Gazze’de taş üstünde taş bırakmayan, bölgeyi yerle bir eden Siyonizmin savaş makinesi, işgal ve imha saldırılarıyla büyük bir soykırıma imza attı. Buna mukabil, hemen her renkten/ideolojiden Filistinli direniş örgütlerinin dinmeyen mücadelesi, kararlı savaşımını da not düşmek gerekir. Filistin direnişi, her türlü zorluğa, soykırıma karşın varlığını sürdürüyor zira söz konusu olan bir halkın topyekun imhaya karşı direniş ve isyanıdır.

Bu var oldukça direniş de varlığını sürdürecektir!

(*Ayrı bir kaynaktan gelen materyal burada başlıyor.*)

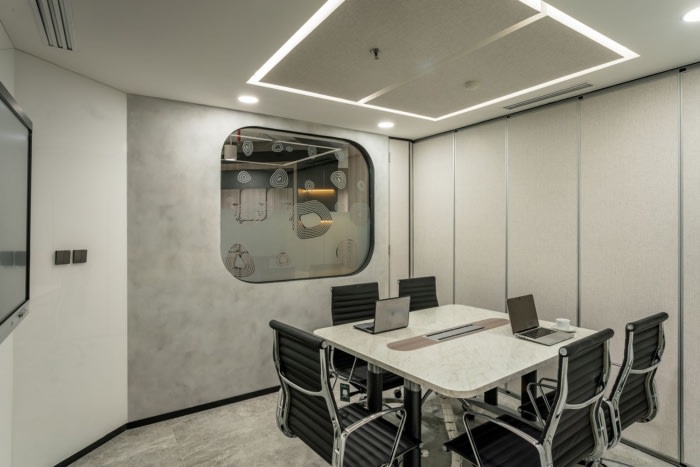 中性色调放大了有机本质 而流畅的空间布置则促进了协作和宁静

Açık ki direniş, yalnızca tepeden tırnağa son teknoloji silahlarla donanmış Siyonist İsrail devletine karşı da yürütülmüyor. İsrail’in Ortadoğu’nun kalbinde ortaya çıkması, gelişmesi, kurumsallaşarak bir devlet haline gelmesi ve adım adım topraklarını büyüterek bugüne gelmesi, emperyalist-kapitalizmin bölgeye yönelik uzun vadeli projeksiyonunun bir sonucudur. ABD/NATO/AB’li emperyalistler için İsrail, Ortadoğu’da deyim yerindeyse bir ileri karakol işlevi görüyor. Bu bağlamda İsrail’in dokunulmazlığı ve yenilmezliği miti, emperyalistlerin bölgeye yönelik bu projeksiyonu açısından hayatidir. Yaşanan gelişmeler de bu tezi sürekli bir biçimde doğrulamaktadır. Gazze’nin ardından namlunun ucunu İran’a çevirmek üzere Beyrut’u/Hizbullah’ı vuran İsrail, bölgede büyük bir yıkım, katliam ve soykırım pahasına, işgal ve ilhak politikasını yaşama geçirmeye çalışacaktır.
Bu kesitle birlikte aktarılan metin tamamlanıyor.